Exercise objective: Within the records that follow, restate exactly the lines from the line with "Transparent Bow Acrylic" down to the line with "Portable 3-in-1 Playard", including both. Omit the pictures.

Listed records:

↓

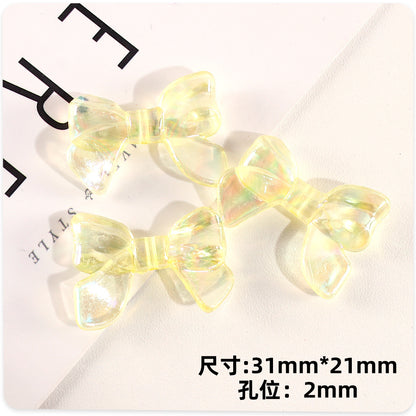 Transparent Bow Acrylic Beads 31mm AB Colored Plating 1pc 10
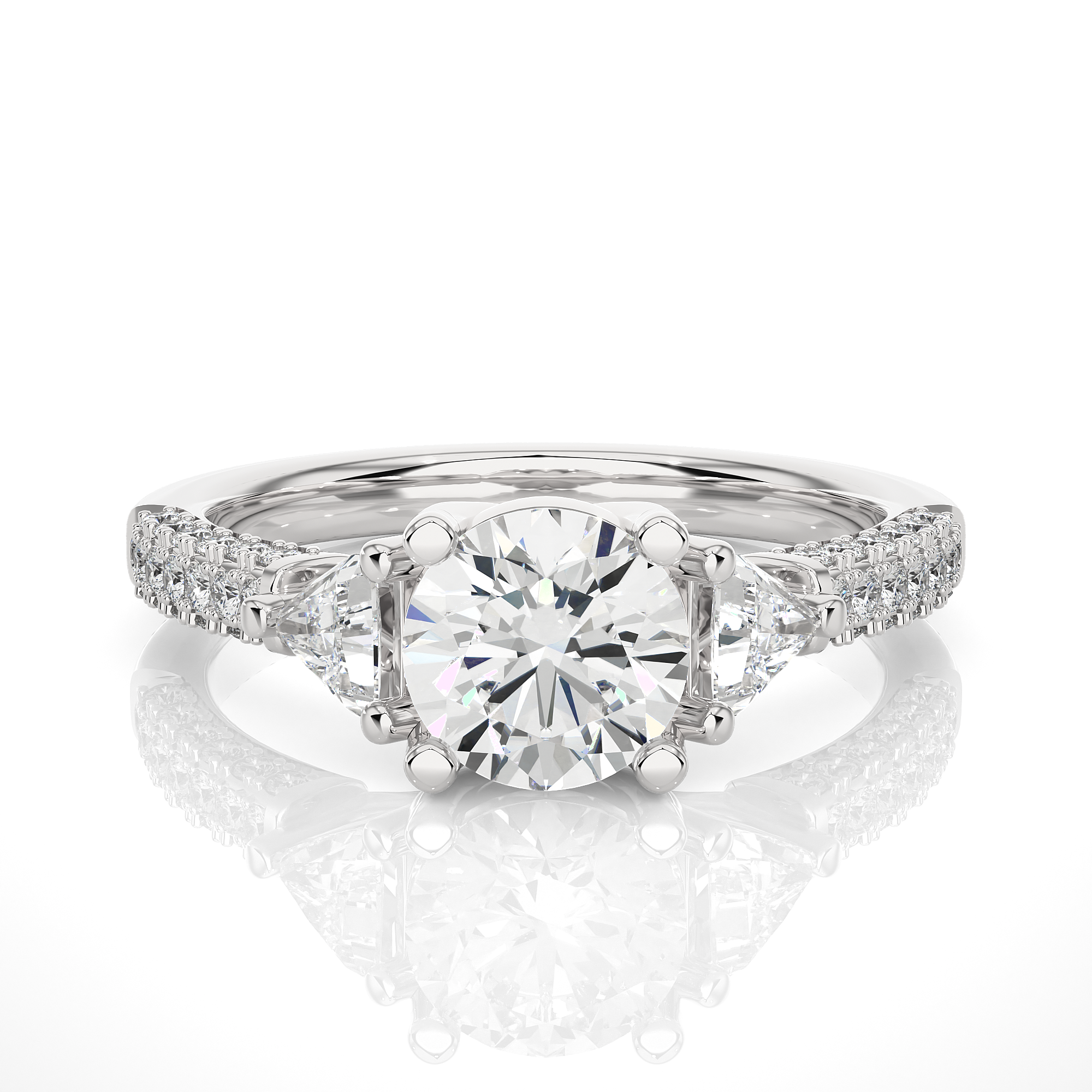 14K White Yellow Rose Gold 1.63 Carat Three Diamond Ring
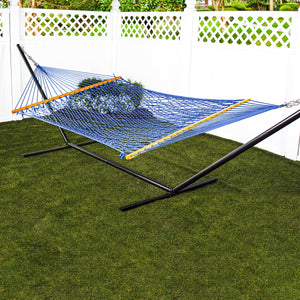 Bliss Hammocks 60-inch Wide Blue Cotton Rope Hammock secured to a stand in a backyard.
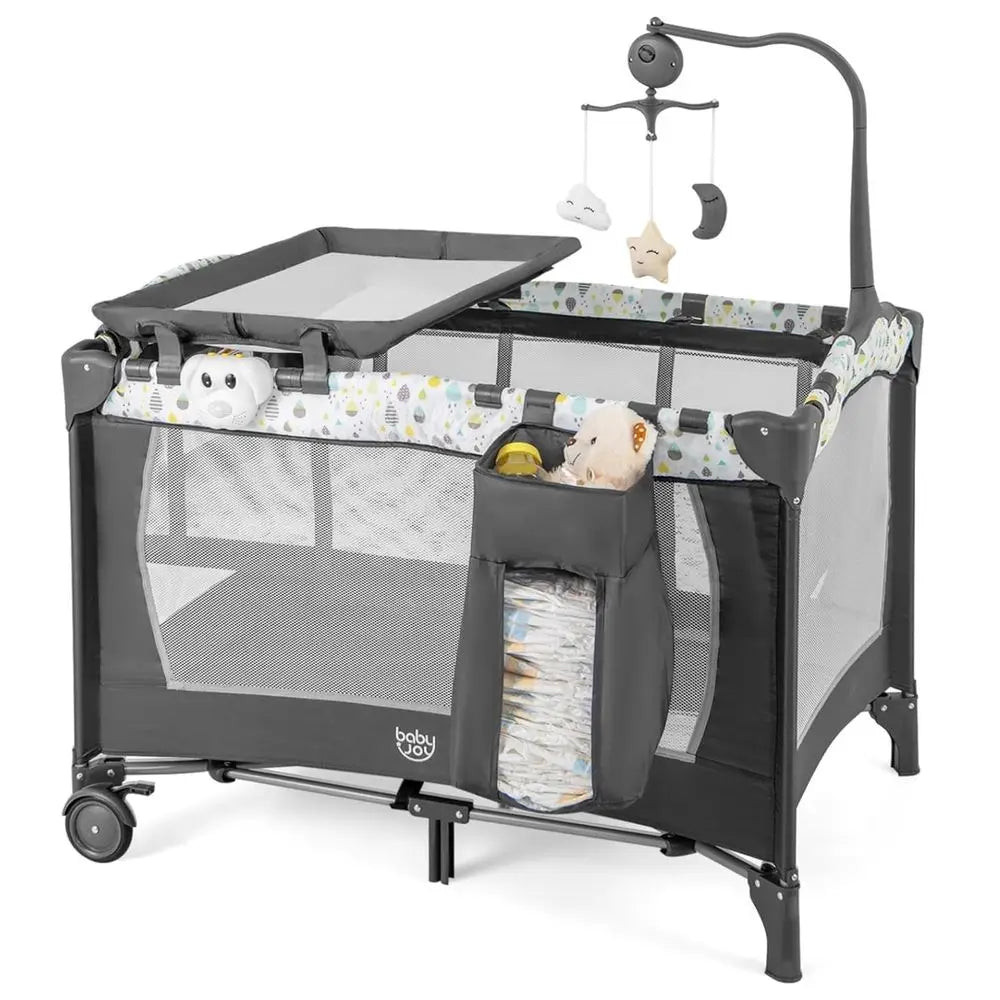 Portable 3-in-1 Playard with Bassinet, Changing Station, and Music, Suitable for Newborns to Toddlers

↑
↓

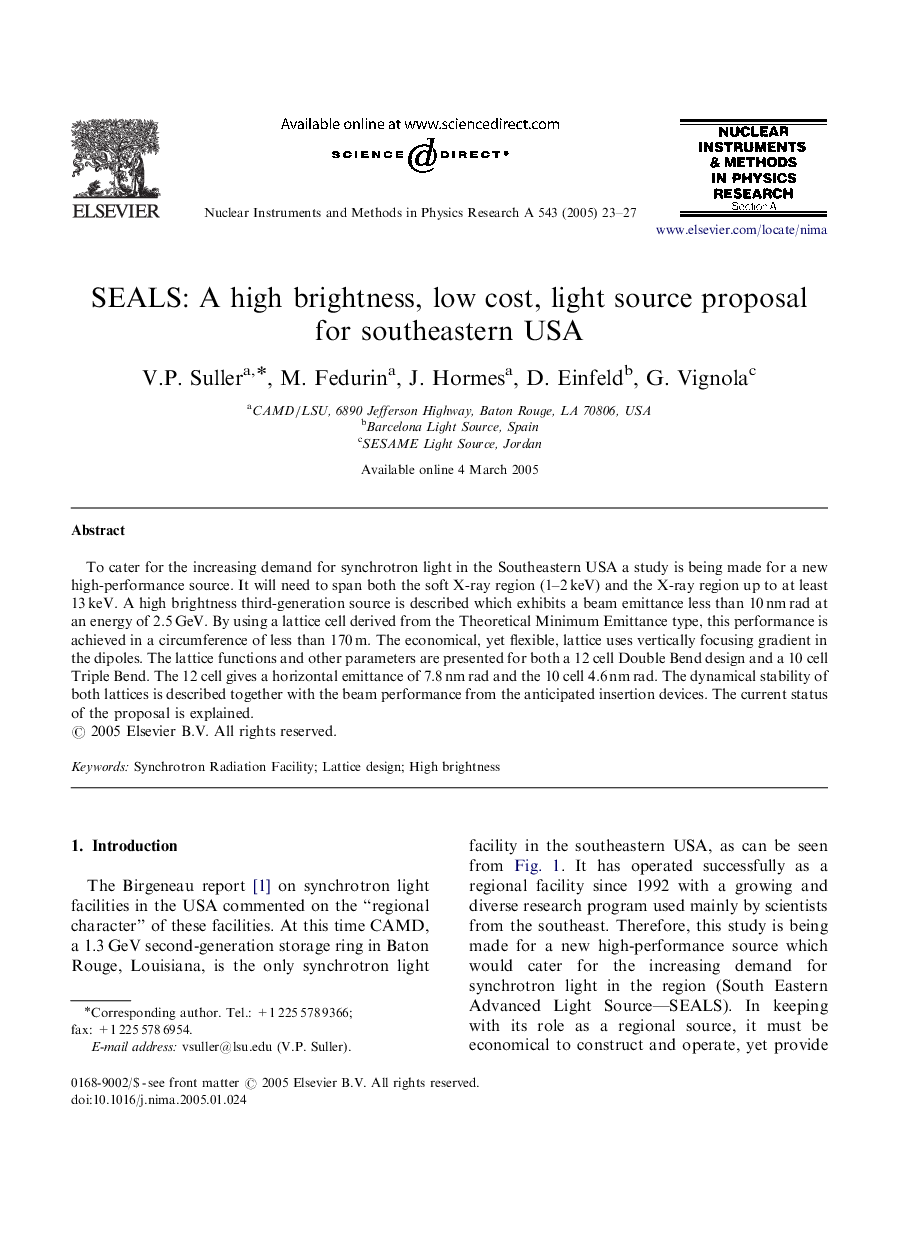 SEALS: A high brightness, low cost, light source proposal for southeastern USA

↑
↓

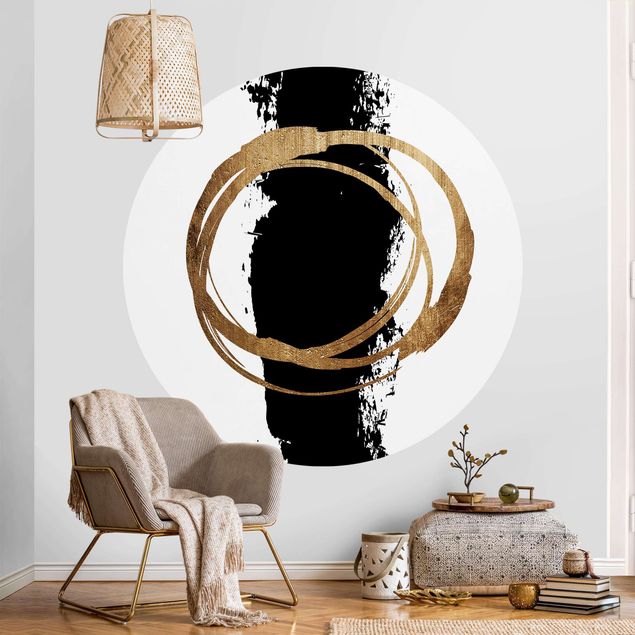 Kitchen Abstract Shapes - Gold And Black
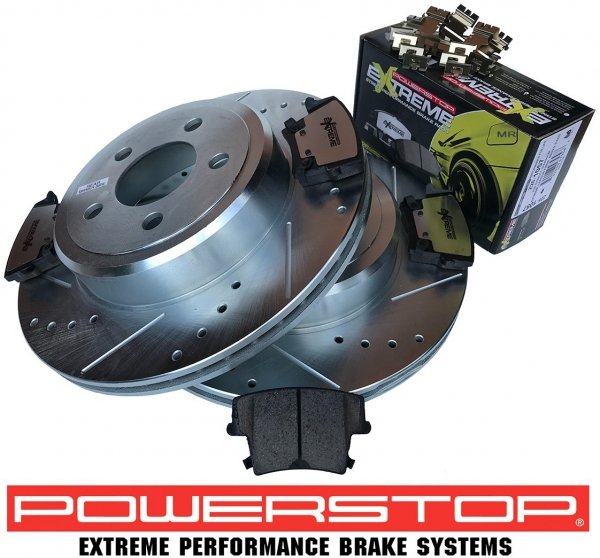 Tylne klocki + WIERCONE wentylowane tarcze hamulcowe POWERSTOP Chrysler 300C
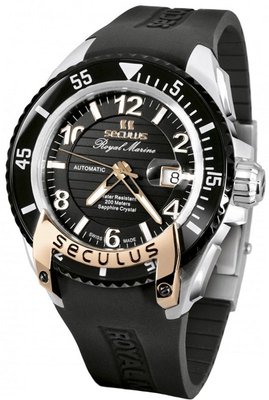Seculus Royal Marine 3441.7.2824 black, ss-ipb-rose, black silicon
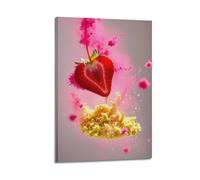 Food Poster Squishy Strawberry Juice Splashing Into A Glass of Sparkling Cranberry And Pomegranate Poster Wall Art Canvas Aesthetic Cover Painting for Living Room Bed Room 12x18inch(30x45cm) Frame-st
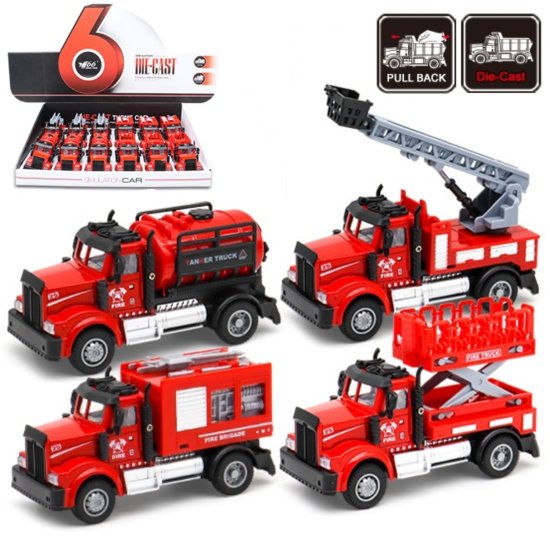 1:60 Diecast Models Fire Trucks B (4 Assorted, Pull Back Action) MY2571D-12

↑

Answer to the problem:
 Transparent Bow Acrylic Beads 31mm AB Colored Plating 1pc 10
 14K White Yellow Rose Gold 1.63 Carat Three Diamond Ring
 Bliss Hammocks 60-inch Wide Blue Cotton Rope Hammock secured to a stand in a backyard.
 Portable 3-in-1 Playard with Bassinet, Changing Station, and Music, Suitable for Newborns to Toddlers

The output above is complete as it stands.